### YOUR GOAL
Wherever a picture sits, omit it. Output the rest of the listing exactly.

### WORKING DATA
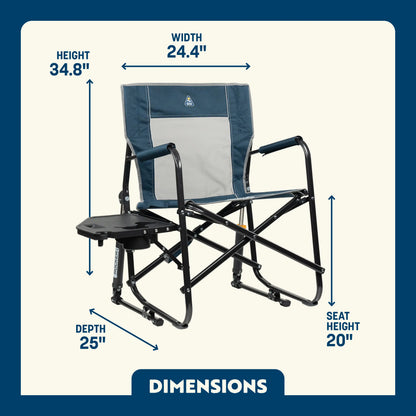 Freestyle Rocker™ with Side Table - Classic Prep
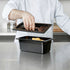 Cambro Camwear Quarter Size Food Pan Lid with Handle Black ( Case of 6 )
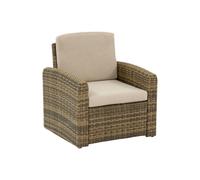 Fauteuil de jardin en alu et résine tressée selenim naturae - hespéride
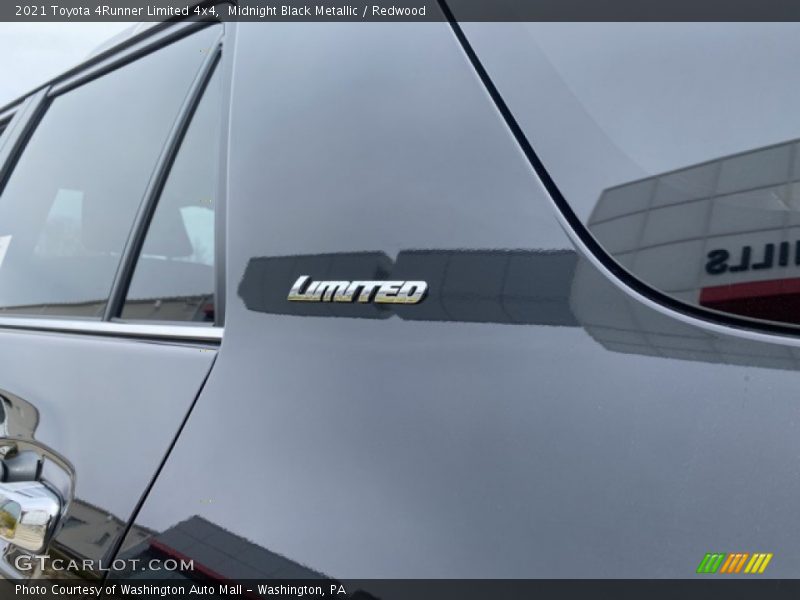 Midnight Black Metallic / Redwood 2021 Toyota 4Runner Limited 4x4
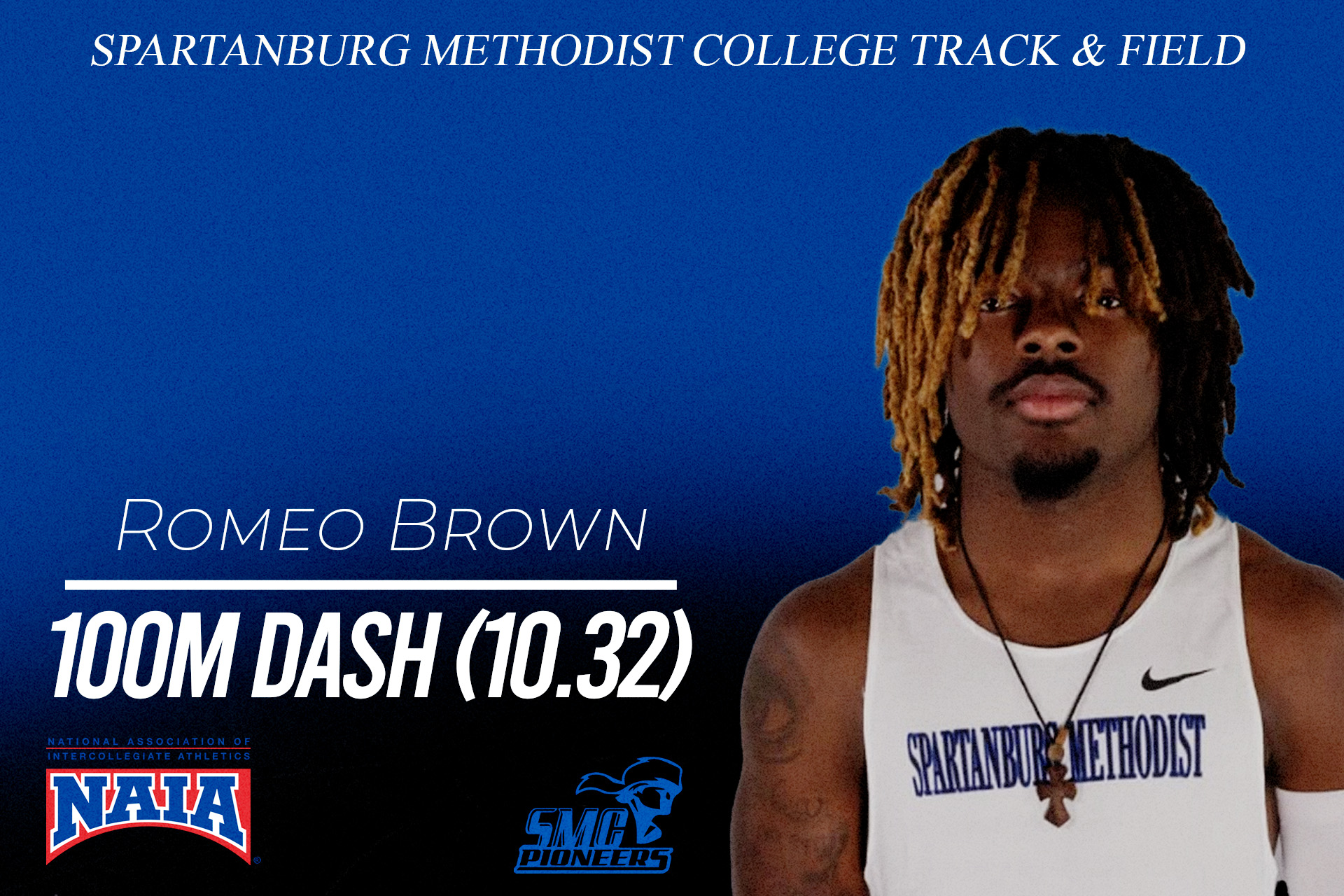 Romeo Brown Secures Spot at NAIA Outdoor Track and Field Championships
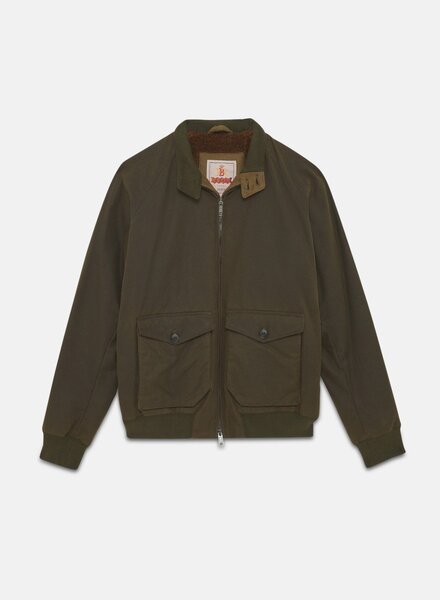 Baracuta Baracuta  G9 Waxed Pocket - Deep Moss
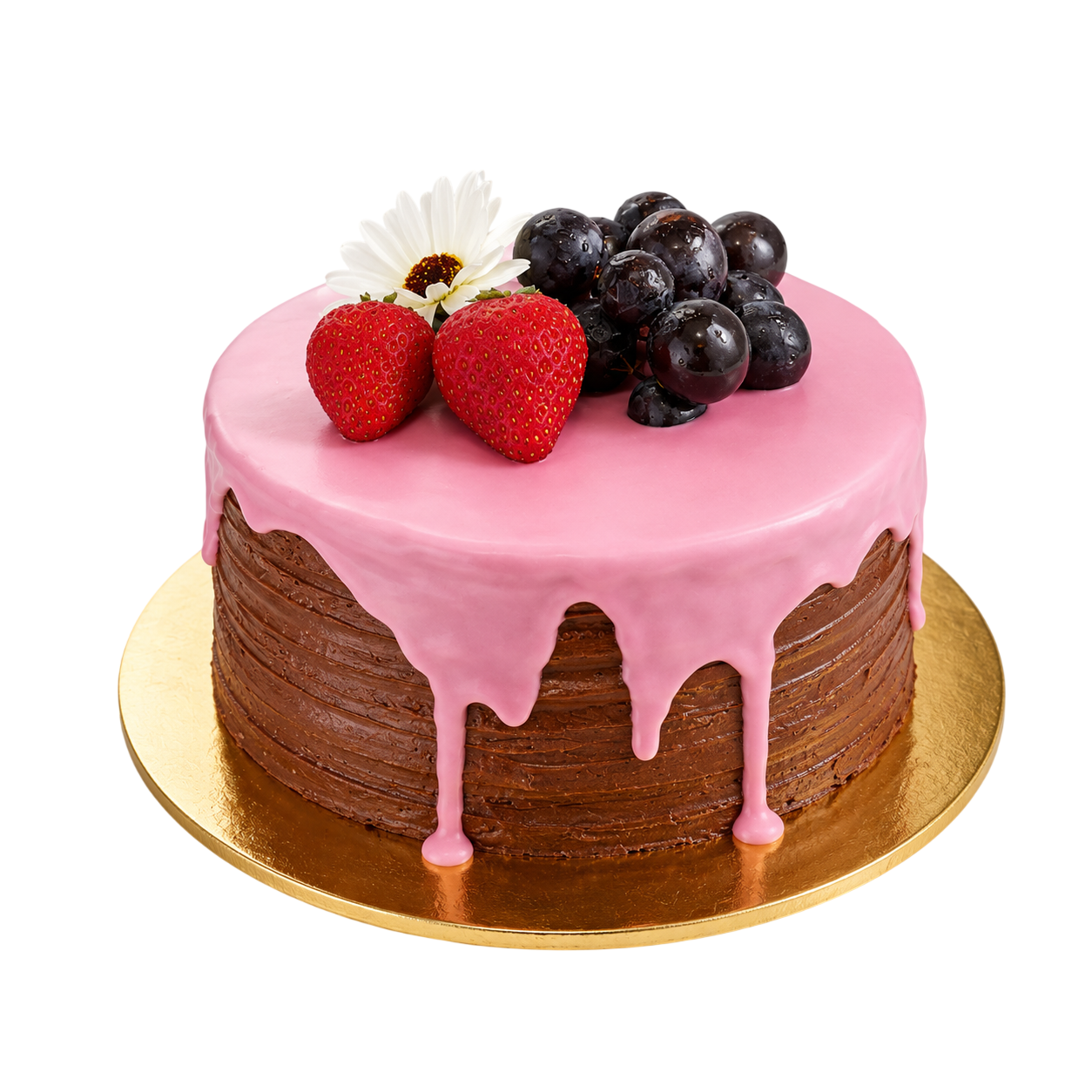Bolo de Chocolate com Frutas Frescas 8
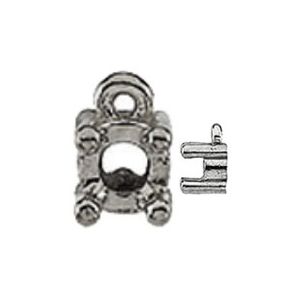 Round 4-Prong Dangle Mounting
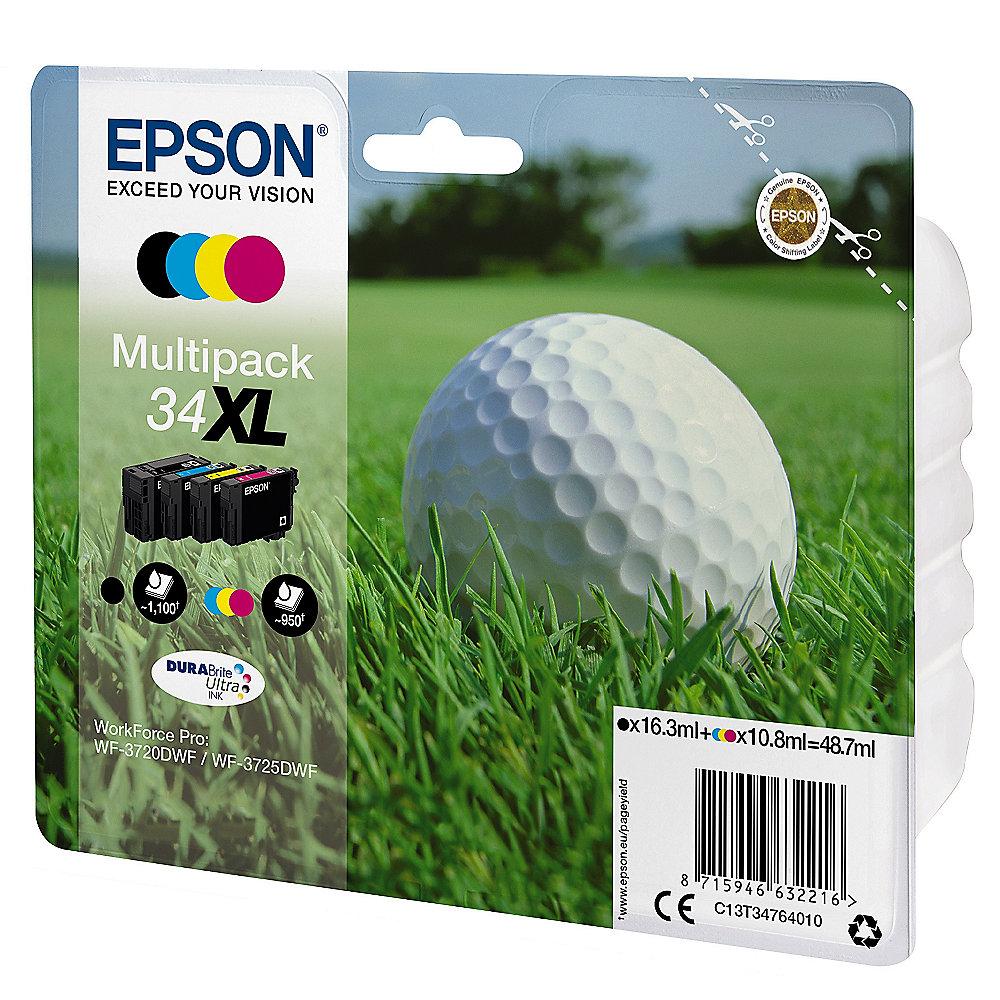 Epson C13T34764010 Tintenmultipack 34XL schwarz cyan gelb magenta
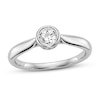 Thumbnail Image 0 of Diamond Solitaire Engagement Ring 1/4 ct tw Round 14K White Gold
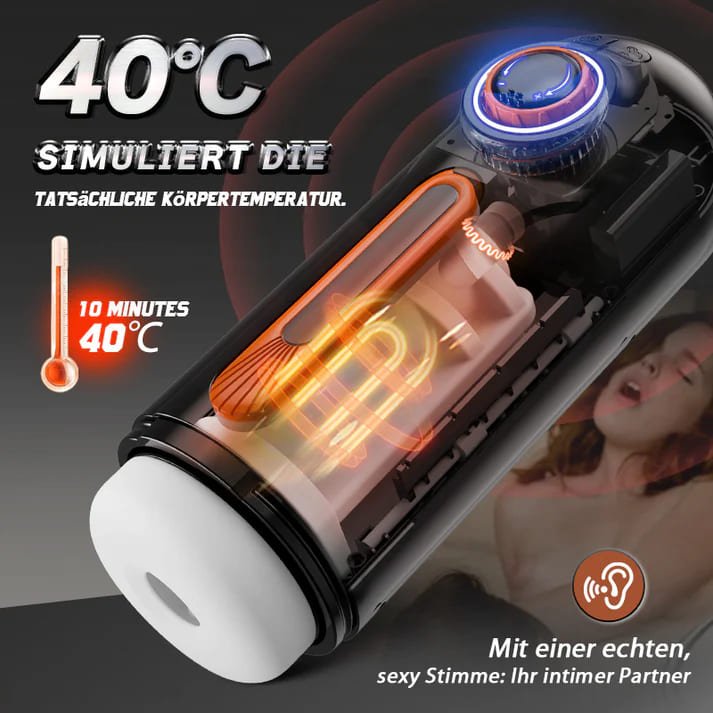 Erwärmt sich auf bis zu 40 °C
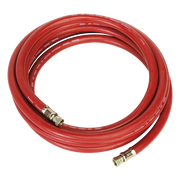 Sealey Air Hose 5m x10mm with 1/4"BSP Unions AHC538 Sealey - Dynamic Drive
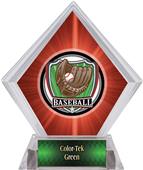 Shield Baseball Red Diamond Ice Trophy Plate Shield Baseball Red Diamond Ice Trophy Plate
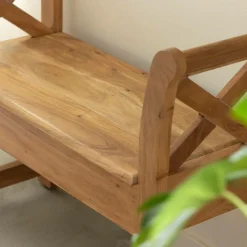 Petit banc en bois d'acacia Isolde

### RESPONSE TO THIS TASK
 Freestyle Rocker™ with Side Table - Classic Prep
 Cambro Camwear Quarter Size Food Pan Lid with Handle Black ( Case of 6 )
 Fauteuil de jardin en alu et résine tressée selenim naturae - hespéride
 Midnight Black Metallic / Redwood 2021 Toyota 4Runner Limited 4x4
 Romeo Brown Secures Spot at NAIA Outdoor Track and Field Championships
 Baracuta Baracuta  G9 Waxed Pocket - Deep Moss
Bolo de Chocolate com Frutas Frescas 8
 Round 4-Prong Dangle Mounting
 Epson C13T34764010 Tintenmultipack 34XL schwarz cyan gelb magenta
 Thumbnail Image 0 of Diamond Solitaire Engagement Ring 1/4 ct tw Round 14K White Gold
 Erwärmt sich auf bis zu 40 °C
 Sealey Air Hose 5m x10mm with 1/4"BSP Unions AHC538 Sealey - Dynamic Drive
 Shield Baseball Red Diamond Ice Trophy Plate Shield Baseball Red Diamond Ice Trophy Plate
 Petit banc en bois d'acacia Isolde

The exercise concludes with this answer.